On November 20, 2012, the Departments of Treasury, Labor and Health and Human Services, released proposed regulations on incentives for nondiscriminatory wellness programs in group health plans as provided for under the Patient Protection and Affordable Care Act of 2010 (“PPACA”). These proposed regulations would apply to both grandfathered and non-grandfathered group health plans for plan years beginning on or after January 1, 2014. PPACA codified the 2006 final wellness program regulations under the Health Insurance Portability and Accountability Act of 1996 (“HIPAA”).  See our January 2007 issue for a summary of those final regulations).  HIPAA generally prohibits group health plans (and health insurance issuers) from discriminating against participants in eligibility, benefits or premiums based on a health factor.  PPACA also increased the maximum reward that could be provided under a “health-contingent” wellness program from 20% to 30% of the total cost of coverage under the plan.  PPACA also provided for the possibility that the 30% maximum could be further increased to 50%.

The 2006 final regulations classified wellness programs as:

  • those that either do not require a participant to meet a standard related to a health factor to obtain a reward or that provide no reward; and
  • those that require a participant to satisfy a standard related to a health factor in order to obtain a reward.

Under the proposed regulations wellness programs are now referred to by the following two categories:

“participatory” and “health-contingent.”  The proposed regulations generally leave unchanged the rules for administering participatory programs but change and clarify the rules for administering health-contingent wellness programs.

Participatory Wellness Programs

A participatory wellness program does not condition eligibility for a reward upon a participant’s ability to meet a health standard.  This type of wellness program satisfies the HIPAA non-discrimination rules if participation in the program is available to all similarly situated individuals.  For example, HIPAA allows employers to treat employees as a distinct group that is separate from dependents.  Accordingly, a reward under any wellness program could be offered to a group of employees and not to spouses or dependent children.
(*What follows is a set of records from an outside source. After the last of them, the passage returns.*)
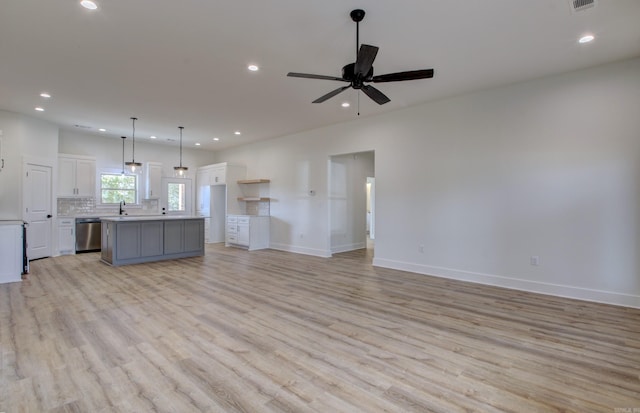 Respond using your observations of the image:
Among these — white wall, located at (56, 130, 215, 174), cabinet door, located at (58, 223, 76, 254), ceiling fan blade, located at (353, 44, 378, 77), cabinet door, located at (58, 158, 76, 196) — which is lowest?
cabinet door, located at (58, 223, 76, 254)

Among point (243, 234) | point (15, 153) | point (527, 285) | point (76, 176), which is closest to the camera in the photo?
point (527, 285)

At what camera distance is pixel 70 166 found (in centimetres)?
749

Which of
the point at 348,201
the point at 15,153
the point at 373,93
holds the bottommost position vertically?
the point at 348,201

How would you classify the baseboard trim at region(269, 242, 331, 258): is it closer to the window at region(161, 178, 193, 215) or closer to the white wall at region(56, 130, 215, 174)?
the window at region(161, 178, 193, 215)

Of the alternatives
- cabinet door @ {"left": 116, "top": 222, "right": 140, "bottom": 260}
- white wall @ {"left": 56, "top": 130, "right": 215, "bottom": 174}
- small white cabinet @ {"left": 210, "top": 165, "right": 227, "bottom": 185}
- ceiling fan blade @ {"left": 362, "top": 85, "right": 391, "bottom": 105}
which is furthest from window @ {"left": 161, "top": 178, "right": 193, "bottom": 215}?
ceiling fan blade @ {"left": 362, "top": 85, "right": 391, "bottom": 105}

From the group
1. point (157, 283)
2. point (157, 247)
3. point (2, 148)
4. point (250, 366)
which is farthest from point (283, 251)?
point (2, 148)

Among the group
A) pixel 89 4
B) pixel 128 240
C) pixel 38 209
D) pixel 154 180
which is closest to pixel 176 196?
pixel 154 180

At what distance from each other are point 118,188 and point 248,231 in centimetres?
399

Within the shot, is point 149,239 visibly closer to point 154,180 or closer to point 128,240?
point 128,240

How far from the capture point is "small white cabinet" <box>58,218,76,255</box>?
7258 mm

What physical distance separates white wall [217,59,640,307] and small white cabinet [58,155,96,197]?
672cm

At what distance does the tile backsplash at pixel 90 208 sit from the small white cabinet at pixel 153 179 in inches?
12.8

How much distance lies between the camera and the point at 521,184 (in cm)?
446

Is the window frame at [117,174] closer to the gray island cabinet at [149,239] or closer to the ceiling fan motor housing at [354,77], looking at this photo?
the gray island cabinet at [149,239] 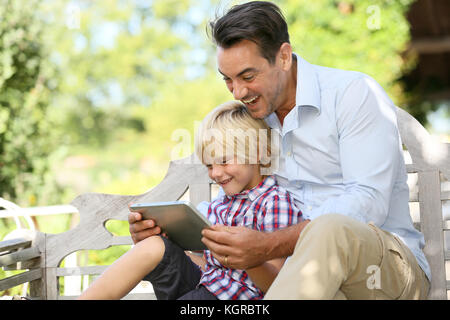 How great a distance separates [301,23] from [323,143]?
5.20 metres

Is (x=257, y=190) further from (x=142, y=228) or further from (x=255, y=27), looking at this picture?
(x=255, y=27)

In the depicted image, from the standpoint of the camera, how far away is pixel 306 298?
4.72 ft

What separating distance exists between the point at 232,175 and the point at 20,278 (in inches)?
39.3

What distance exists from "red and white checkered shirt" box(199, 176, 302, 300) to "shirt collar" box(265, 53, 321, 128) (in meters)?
0.33

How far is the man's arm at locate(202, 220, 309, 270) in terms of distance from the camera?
1.80 meters

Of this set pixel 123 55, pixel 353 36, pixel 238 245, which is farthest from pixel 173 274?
pixel 123 55

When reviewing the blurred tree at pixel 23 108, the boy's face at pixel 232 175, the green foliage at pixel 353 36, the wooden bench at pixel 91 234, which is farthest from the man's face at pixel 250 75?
the green foliage at pixel 353 36

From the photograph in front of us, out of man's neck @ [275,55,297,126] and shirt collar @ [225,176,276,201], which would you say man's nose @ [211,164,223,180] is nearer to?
shirt collar @ [225,176,276,201]

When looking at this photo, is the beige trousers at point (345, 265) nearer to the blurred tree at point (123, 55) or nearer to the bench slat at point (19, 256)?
the bench slat at point (19, 256)

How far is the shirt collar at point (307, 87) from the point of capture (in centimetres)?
215

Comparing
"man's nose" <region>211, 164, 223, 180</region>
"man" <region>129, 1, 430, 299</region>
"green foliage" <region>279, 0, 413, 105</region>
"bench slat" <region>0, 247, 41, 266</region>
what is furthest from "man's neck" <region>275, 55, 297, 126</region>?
"green foliage" <region>279, 0, 413, 105</region>

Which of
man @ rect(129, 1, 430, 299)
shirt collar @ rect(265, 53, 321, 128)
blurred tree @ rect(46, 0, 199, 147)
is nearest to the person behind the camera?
man @ rect(129, 1, 430, 299) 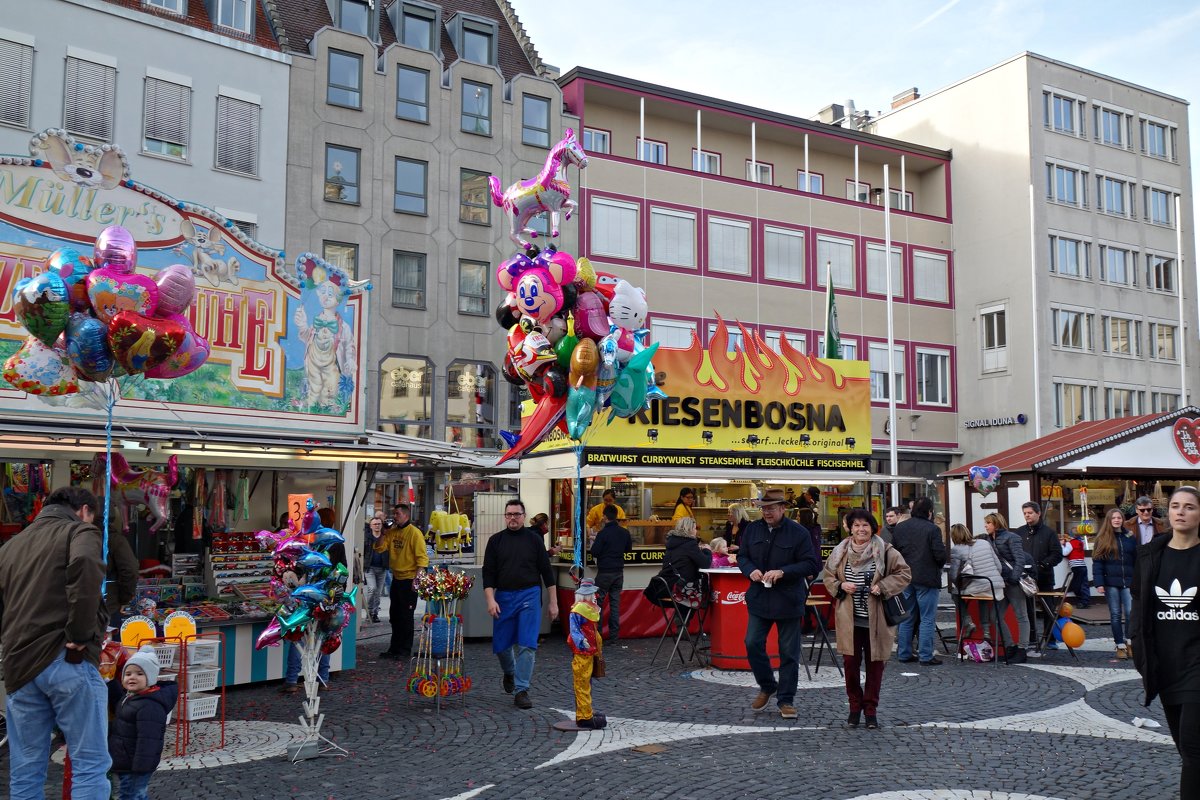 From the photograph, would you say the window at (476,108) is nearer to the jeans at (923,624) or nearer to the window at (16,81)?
the window at (16,81)

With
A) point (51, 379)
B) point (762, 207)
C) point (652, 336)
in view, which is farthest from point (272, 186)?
point (51, 379)

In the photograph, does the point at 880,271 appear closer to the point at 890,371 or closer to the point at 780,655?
the point at 890,371

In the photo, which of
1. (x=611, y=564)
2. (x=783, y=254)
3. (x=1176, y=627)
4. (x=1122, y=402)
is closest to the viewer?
(x=1176, y=627)

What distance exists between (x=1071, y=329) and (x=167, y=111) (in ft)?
95.0

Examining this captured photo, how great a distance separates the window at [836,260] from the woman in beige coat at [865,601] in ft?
84.5

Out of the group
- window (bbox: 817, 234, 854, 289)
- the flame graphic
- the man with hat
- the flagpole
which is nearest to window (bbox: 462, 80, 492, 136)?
window (bbox: 817, 234, 854, 289)

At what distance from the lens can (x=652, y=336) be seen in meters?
30.2

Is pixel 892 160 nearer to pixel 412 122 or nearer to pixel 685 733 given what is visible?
pixel 412 122

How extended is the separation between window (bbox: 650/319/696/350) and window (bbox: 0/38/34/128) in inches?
640

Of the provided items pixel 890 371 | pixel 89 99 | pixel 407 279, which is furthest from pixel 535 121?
pixel 890 371

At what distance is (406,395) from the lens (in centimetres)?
2794

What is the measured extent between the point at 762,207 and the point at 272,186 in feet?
48.0

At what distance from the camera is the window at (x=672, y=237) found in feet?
101

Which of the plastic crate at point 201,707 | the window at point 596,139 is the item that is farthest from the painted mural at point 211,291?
the window at point 596,139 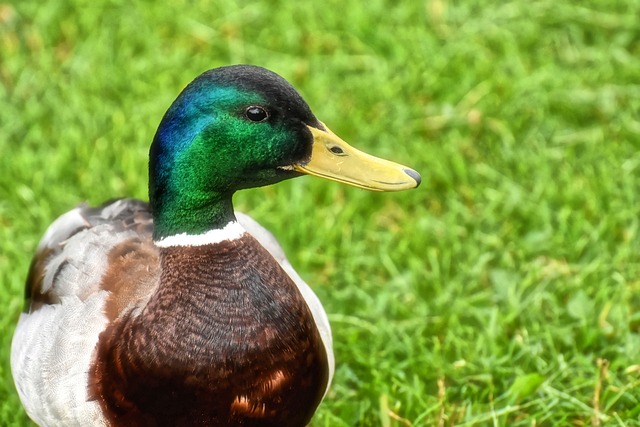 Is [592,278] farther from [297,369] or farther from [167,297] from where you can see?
[167,297]

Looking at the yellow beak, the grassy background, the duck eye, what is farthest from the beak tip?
the grassy background

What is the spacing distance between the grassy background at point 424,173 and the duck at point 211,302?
2.10ft

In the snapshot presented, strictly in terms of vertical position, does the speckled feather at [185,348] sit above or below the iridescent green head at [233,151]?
below

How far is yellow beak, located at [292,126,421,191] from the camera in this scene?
2.62 meters

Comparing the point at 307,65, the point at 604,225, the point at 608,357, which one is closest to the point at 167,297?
the point at 608,357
Examples of participatory programs include:

  • Incentives to participate in a health fair or testing (regardless of outcome)
  • Waiver of copayment/deductible for well-baby visits
  • Reimbursement of health club memberships
  • Reimbursements for smoking-cessation programs (regardless of outcome)
  • A program that rewards employees for attending a monthly health education seminar

HIPAA does not impose any limits on the size of the rewards offered through a participatory wellness program.  However, employers should be aware that certain types of rewards may be taxable income to participants.  For example, reimbursement of all or part of the cost for a health club membership is generally taxable income to the recipient.  In addition, cash or cash equivalent rewards (such as gift cards or gift certificates) are always taxable income for federal income tax purposes.  However, low-value, non-cash rewards are excluded from taxable income if such rewards can be reasonably considered as de minimis fringe benefits.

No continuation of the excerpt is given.